** THE DATA follows **

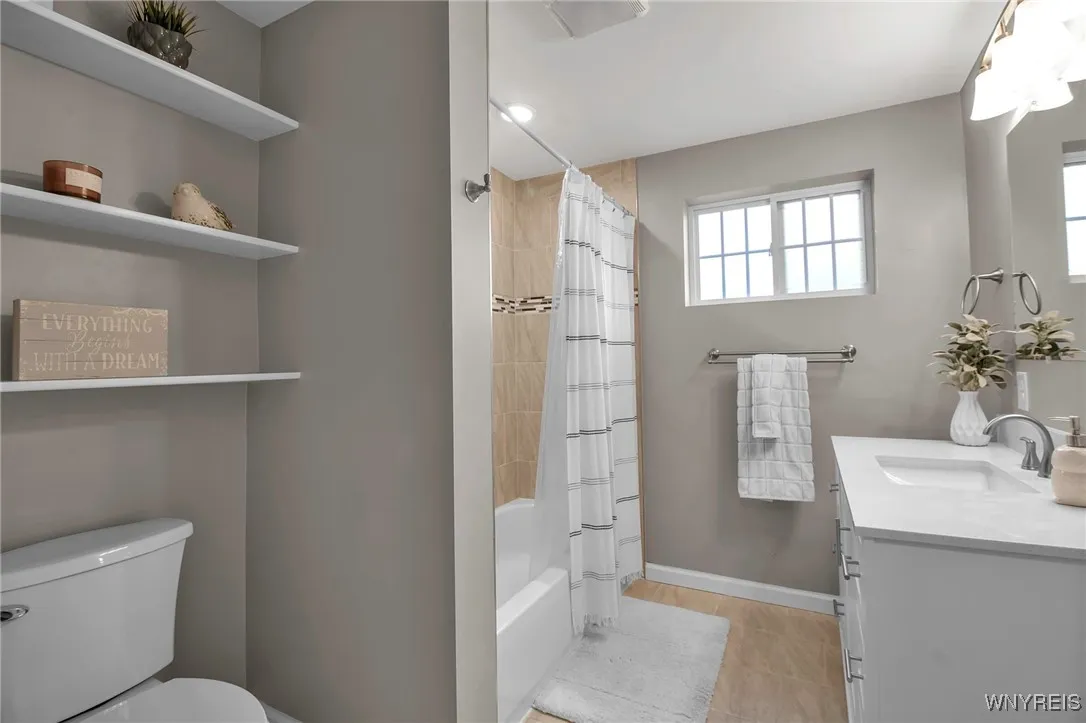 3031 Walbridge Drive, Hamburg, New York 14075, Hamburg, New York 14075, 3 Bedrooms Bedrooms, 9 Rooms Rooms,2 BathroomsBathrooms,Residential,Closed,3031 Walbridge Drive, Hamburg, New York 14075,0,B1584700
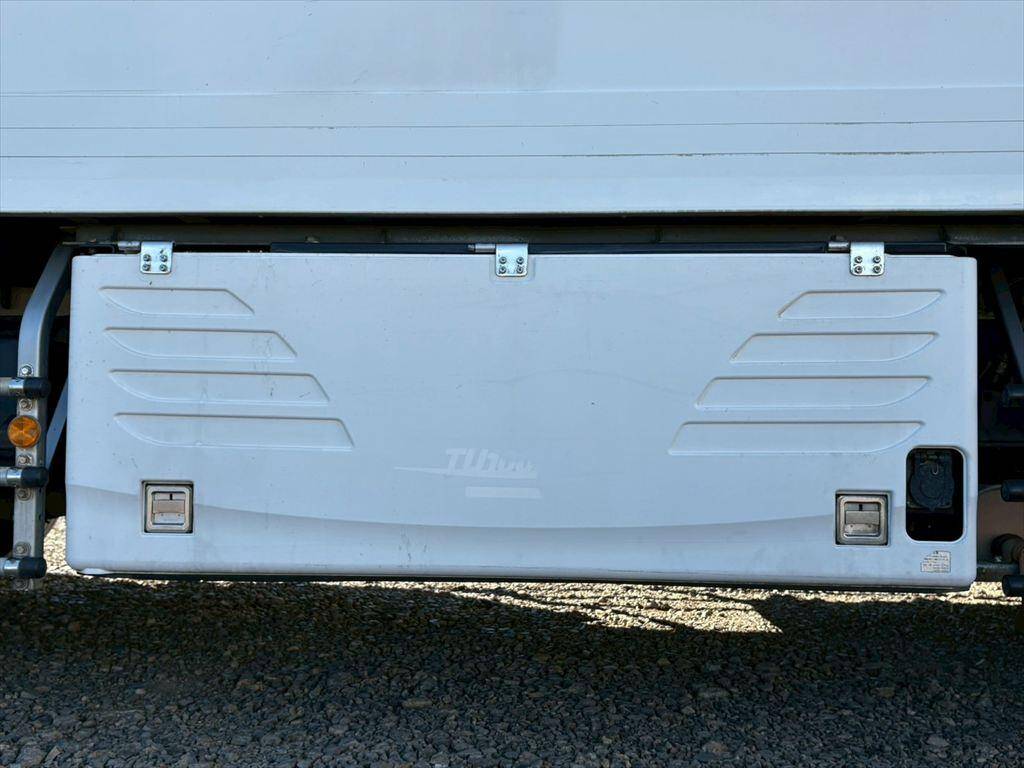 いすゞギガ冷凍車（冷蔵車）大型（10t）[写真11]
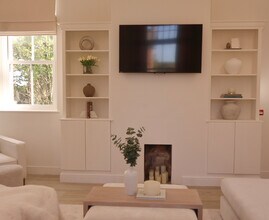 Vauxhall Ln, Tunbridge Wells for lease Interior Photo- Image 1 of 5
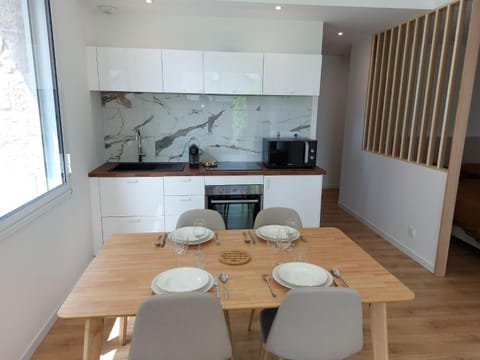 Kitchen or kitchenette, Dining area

** End of THE DATA **

:: WHAT YOU SHOULD DO ::
Reproduce the material word for word, pictures excluded.

:: SOLUTION ::
 3031 Walbridge Drive, Hamburg, New York 14075, Hamburg, New York 14075, 3 Bedrooms Bedrooms, 9 Rooms Rooms,2 BathroomsBathrooms,Residential,Closed,3031 Walbridge Drive, Hamburg, New York 14075,0,B1584700
 いすゞギガ冷凍車（冷蔵車）大型（10t）[写真11]
 Vauxhall Ln, Tunbridge Wells for lease Interior Photo- Image 1 of 5
 Kitchen or kitchenette, Dining area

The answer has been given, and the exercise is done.